Tariffs are in the headlines as often as we see political ads on TV. What do tariffs do to you?
Let’s look at Apple’s IPhone 6. It costs about $236 to make. The design and software are “made in the USA.” The higher-value components are made in Japan, South Korea, Germany and the United States. China adds in some low-value components and assembles it. China’s share of the total cost is 5 percent, yet the entire phone is considered an import for trade balance statistics.
When you’re the consumer, if a tariff is increased on imported iPhones, you’ll pay more. If Apple decides to make the entire phone in the U.S., you’ll pay more. According to the Massachusetts Institute of Technology, making the entire phone in the U.S. would add $100 to the cost.
When you’re an investor in Apple stock, tariffs may lower the net profit in iPhones, lowering the price of the stock.
Which imports get more expensive to buy with these tariffs?
That’s farm equipment, some cars (Sweden’s Volvo, Germany’s BMW), washing machines, lumber and some health care equipment so far, but the list is rapidly expanding.
The broader hit is the 10 percent tariff on aluminum and 25 percent on steel we’ve levied on Canada, Mexico, Europe, China and just about everybody. You’ll pay more for your beer cans, your Campbell’s soup and your cars (even U.S.-made). Sometimes these are small dings to your pocketbook — a couple pennies in a can, but it can be more. Your Harley-Davidson motorcycle will likely dent your checkbook for an extra $2,200.
The increased tariffs on lumber from Canada are adding about $9,000 to the cost of the average single family home.
Two serious impacts are retaliatory tariffs and job loss.
China, Canada, Mexico and Europe have retaliated with tariffs of their own. We tariff them on what we buy from them. They tariff us on what they buy from us. For example, U.S. farmers grow a lot of soybeans. We consume 33 percent of them ourselves. We export 67 percent. Half of those go to China alone. China is adding a retaliatory tariff on U.S. soybeans and will now buy more from Brazil.
We have 900 firms with 80,000 workers that produce steel. But we have 29,000 U.S. firms with 900,000 workers that use steel. The costs at those 29,000 firms just went up, and their net profits may drop. Firms with lower profits tend to have fewer workers. Firms will also manufacture a product overseas in order to avoid exporting and paying a tariff.

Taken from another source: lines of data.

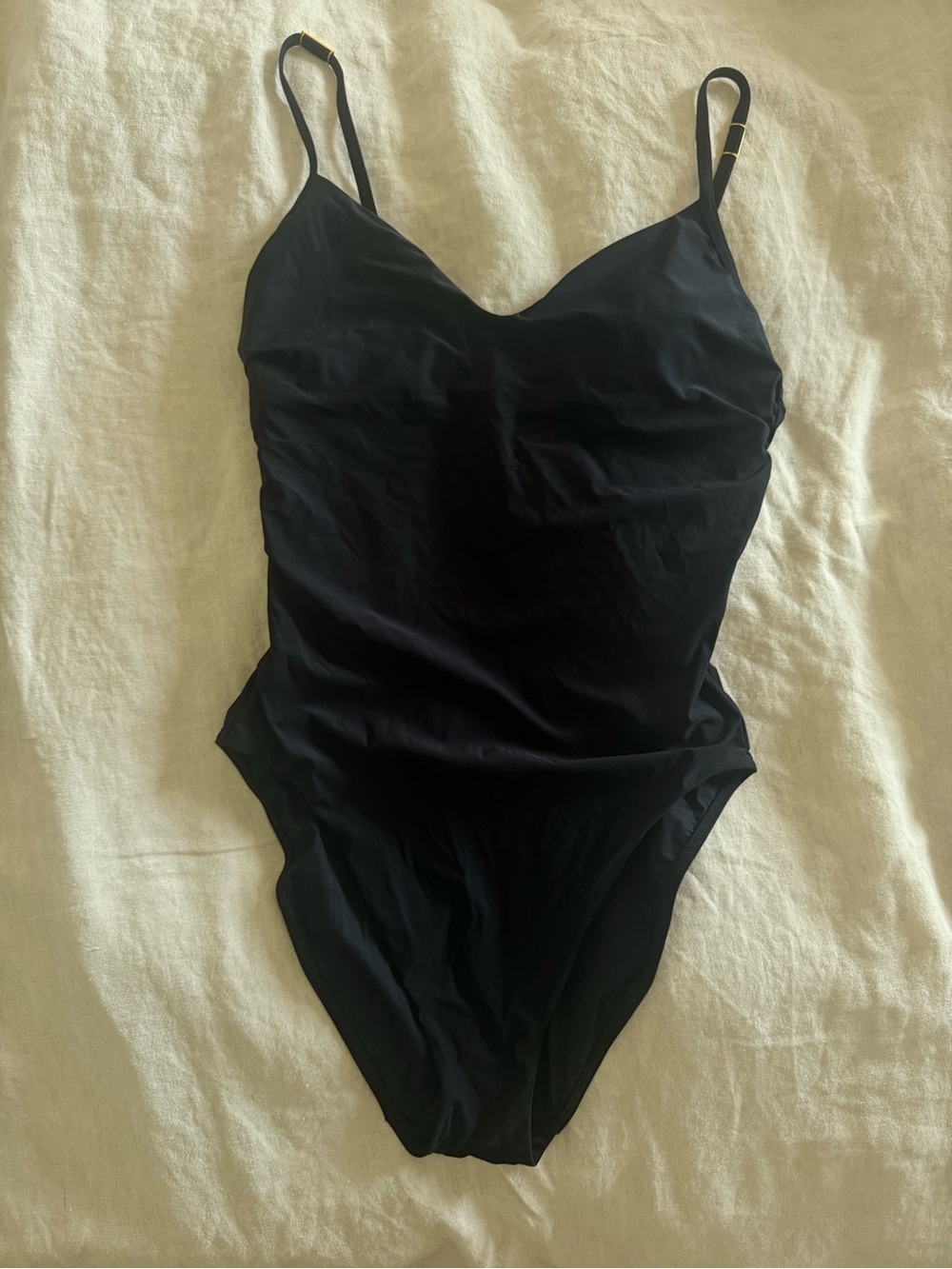 Calvin Klein Black Slimming V-Neck Low Back One-Piece Swimsuit Gold Hardware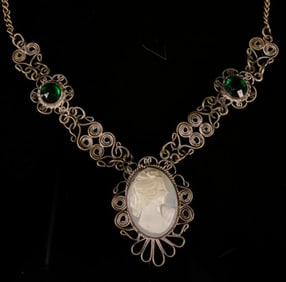 Ornate Silver Victorian Cameo Necklace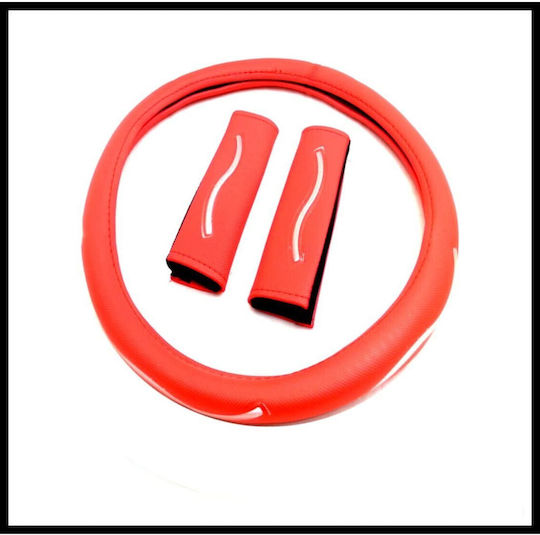 Cover-Set Für Lenkrad Sitzgurte Aus Eco-Leder Lenkraddurchmesser 37-39cm Rote
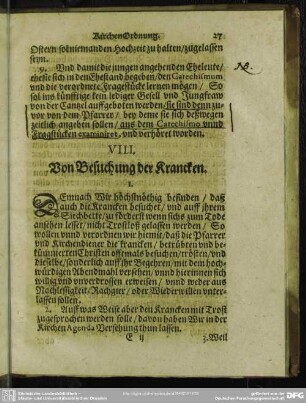 VIII. Von Besuchung der Krancken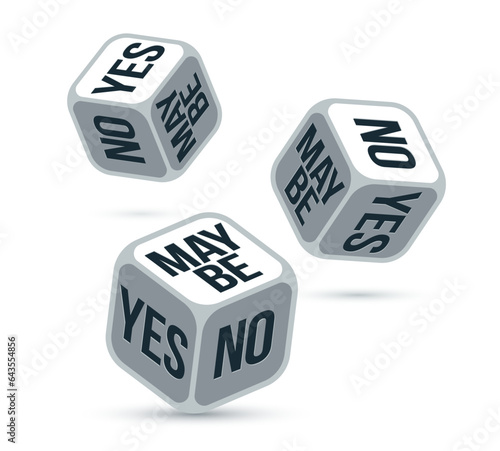 Yes or no or maybe dice rolling chance vector illustration, make a decision and say concept, undecided question idea.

GM will make a car in China with Chinese labor to avoid a tariff, rather than make a car in the U.S. to ship to China and pay a tariff.
What does history foretell for your investments?
It’s apparent that experts haven’t yet sorted out the net impact on the average tariff rate, the number of jobs we can expect to lose, the higher prices we can expect to pay, or the loss to our economic GDP.
The markets seem to reflect this, reacting to headlines then settling back to normal levels. It’s difficult to get good data to project the impact of tariffs. Let’s hope cooler heads — and trade negotiations — prevail.